Мне очень хотелось, чтобы министерство информации и туризма Малайзии наградило меня сонгоком и крисом. Этой высокой награды я мог бы быть удостоен лишь по совокупности будущих заслуг. Усмотрело же министерство во мне лицо, способное к заслугам. Иначе зачем оно пригласило меня в страну? Телячий же восторг, не покидавший меня с первого до последнего дня в Малайзии, должен был убедить сотрудников министерства в том, что в выборе они не ошиблись. Пригласили нас вдвоем с востоковедом Иваном Захарченко, однако вполне могли бы выдать два сонгока и один крис. Ответственные сотрудники мисс Синди Лим и господин Разалли Хусейн судили бы, скажем, так: они (то есть мы) оба — достойные джентльмены, и восторг обоих обещает необходимые для получения награды заслуги, но негоже награждать одинаково двух людей, если один из них годится другому в отцы. И возможно ли оставлять не очень молодого человека без вполне подобающего ему криса, в то время как молодой располагает еще достаточным временем для того, чтобы заслужить свой крис? А напоминать ему о неизрасходованных еще возможностях будет сонгок.

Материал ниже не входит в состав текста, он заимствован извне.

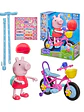 Pedaleando Con Peppa Hasbro - Miniatura 4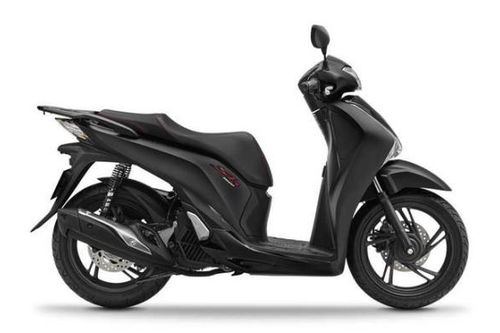Tìm chủ sở hữu chiếc xe Honda SH màu đen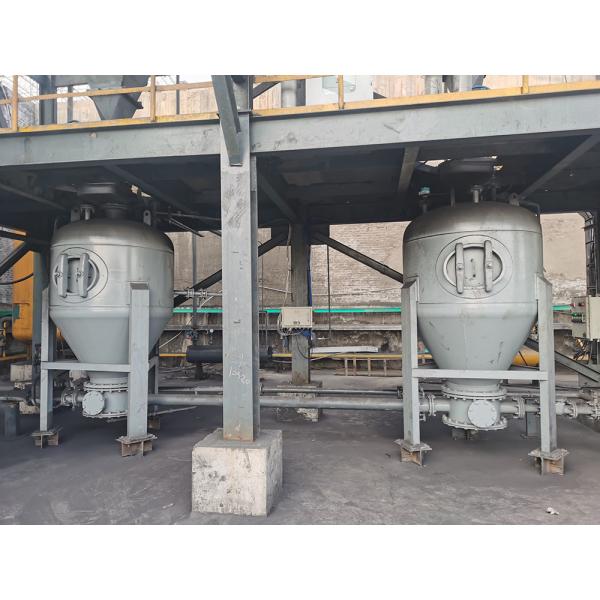 Пневматический конвейерный насос Плохое порошковое положительное давление Рефракторный материал Силовый насос для пневматической транспортировки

Однако не пристало мне, человеку, мечтавшему быть увенчанным сонгоком и удостоенным криса, оставлять читателя в неведении относительно обоих этих почетных предметов. Известный мне — по источникам — малайский почетный обычай жаловать крис стал основой моих мечтаний. Сонгок же мне просто очень нравился, и я живо представлял его на своей голове. Как следует из предыдущей фразы, «сонгок» — шапочка, бархатная, на твердой основе, напоминающая феску в форме эллипса с плоским верхом, черная или темно-синяя. Если вам приходилось видеть портрет малазийского премьера, а также близкого по языку и религии президента Индонезии, вы обязательно видели и сонгок: без этого головного убора они не фотографируются. У малайцев и народов Индонезии эта шапочка означает принадлежность к исламу. Но поскольку мусульмане других стран и народов прикрывают головы разнообразными иными изделиями швейной и трикотажной промышленности, а также тюрбанами, платками и даже полотенцами, сонгок стал головным убором национального значения, и в этом качестве его можно преподносить дорогим гостям, будь они даже неверными. Сами же малайцы и индонезийцы — если они не официальные лица — довольствуются обычно скромными вязаными ермолками белого цвета, а то и вовсе ходят простоволосыми.